What to do:
Output, exactly as written, the lines below starting at the line containing "2022 Mahindra SCORPIO-N" and ending at the line containing "EATON INDUSTRIES - Copertura". Drop the pictures and keep both end lines.

Supplied material:

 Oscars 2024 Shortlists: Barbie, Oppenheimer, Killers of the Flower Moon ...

...

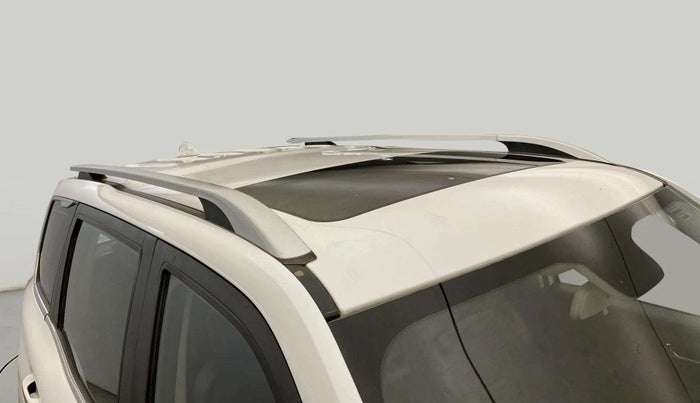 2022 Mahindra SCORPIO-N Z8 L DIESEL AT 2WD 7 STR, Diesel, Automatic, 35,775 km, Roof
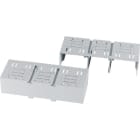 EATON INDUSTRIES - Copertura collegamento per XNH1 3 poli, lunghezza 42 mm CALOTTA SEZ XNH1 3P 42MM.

Answer for this exercise:
 2022 Mahindra SCORPIO-N Z8 L DIESEL AT 2WD 7 STR, Diesel, Automatic, 35,775 km, Roof
 EATON INDUSTRIES - Copertura collegamento per XNH1 3 poli, lunghezza 42 mm CALOTTA SEZ XNH1 3P 42MM.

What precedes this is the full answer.